Além das multas fixadas em elevados percentuais, merece registro a imposição de juros de mora sobre os créditos tributários eventualmente não recolhidos pelo contribuinte. No âmbito federal, a título exemplificativo, o crédito tributário não pago no vencimento dá azo a imposição de juros de mora calculados com base na taxa SELIC, atualmente em torno de vinte por cento ao ano. Importante registrar que esta Taxa varia consoante a atual política econômica de controle da inflação: quanto maior a tendência inflacionária, maior o nível da taxa. Em outro dizer, o contribuinte em dívida com o Fisco acaba pagando um crédito tributário maior em face do eventual viés inflacionário da economia.

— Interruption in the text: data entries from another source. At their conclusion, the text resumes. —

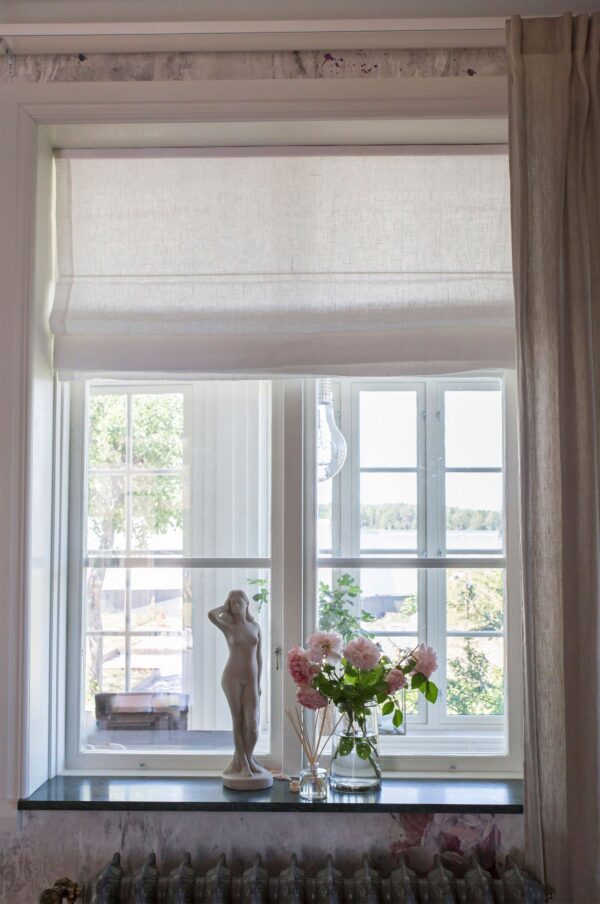 Sunday Roman Blind Chalk Chalk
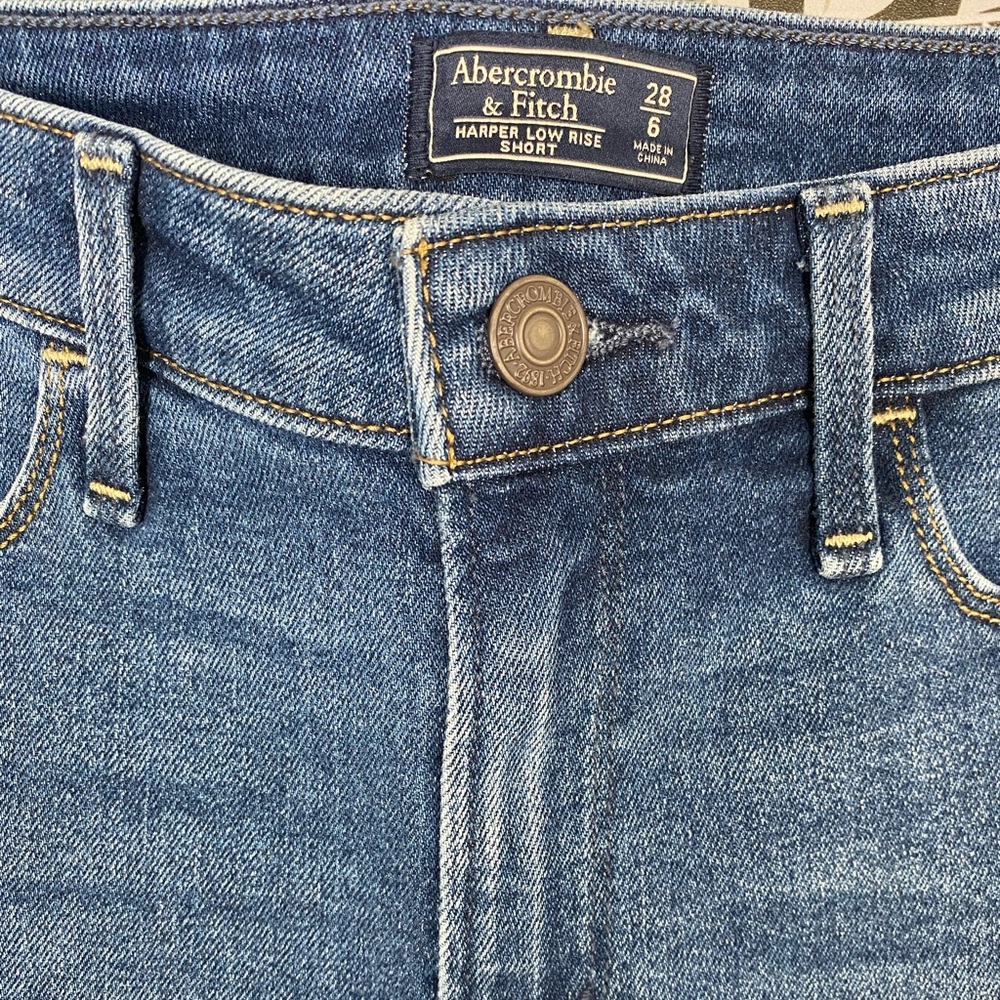 NWT Abercrombie & Fitch Harper Low Rise Short Women Size 28 (6) - Picture 7 of 15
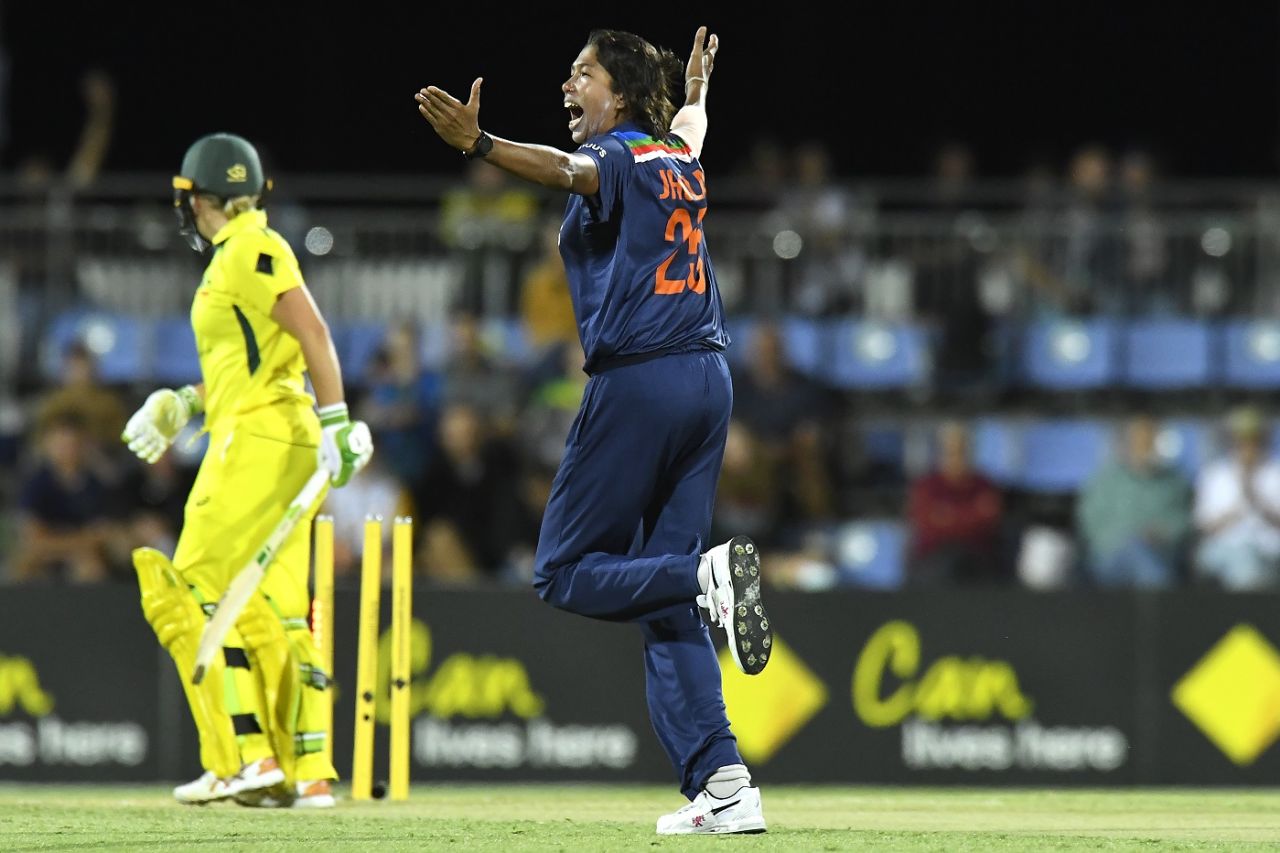 An inswinger after an outswinger: Jhulan Goswami set up Alyssa Healy for a three-ball duck, Australia Women vs India Women, 2nd ODI, Mackay, September 24, 2021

Vale dizer, um contribuinte que por qualquer razão de cumprir o seu dever tributário além de sofrer uma penalidade que pode superar cem por cento a título de multa ainda deve arcar com juros de cerca de vinte por cento ao ano. Em outro dizer, em quatro ou cinco anos o crédito tributário não recolhido simplesmente dobra de valor somente com a incidência de juros de mora.

Este estado de coisas tem gerado um crescimento assustador das Dívidas Ativa dos Fiscos, principalmente Federal e Estaduais, cuja conseqüência é uma avalanche de execuções fiscais com baixíssimo grau de sucesso, haja vista as dificuldades naturais que um processo judicial desta natureza engendra mesmo para os advogados públicos mais dedicados e competentes.

É preciso analisar esta situação sob o ângulo da eficiência (aliás, um dos princípios fundantes da Administração Pública, conforme determina a Constituição Federal Brasileira – art. 37, caput). Ao invés de soluções inventivas (como aquelas representadas pelo REFIS e pelos diferentes parcelamentos alternativos, cujo acréscimo de taxa de juros à prestação torna uma quimera a quitação do crédito tributário), é hora de pensarmos na construção de um sistema de penalidades mais consentâneo com a realidade da economia brasileira.

Um sistema tributário mais ajusto e adequado à realidade brasileira não exige apenas uma ampla reestruturação das diferentes hipóteses de incidências tributárias, aliada a uma adequada repartição de competências tributárias sempre proporcionais aos respectivos encargos com a prestação de serviços públicos, requer também o redimensionamento das espécies e dos níveis de penalidades tributárias hoje existentes.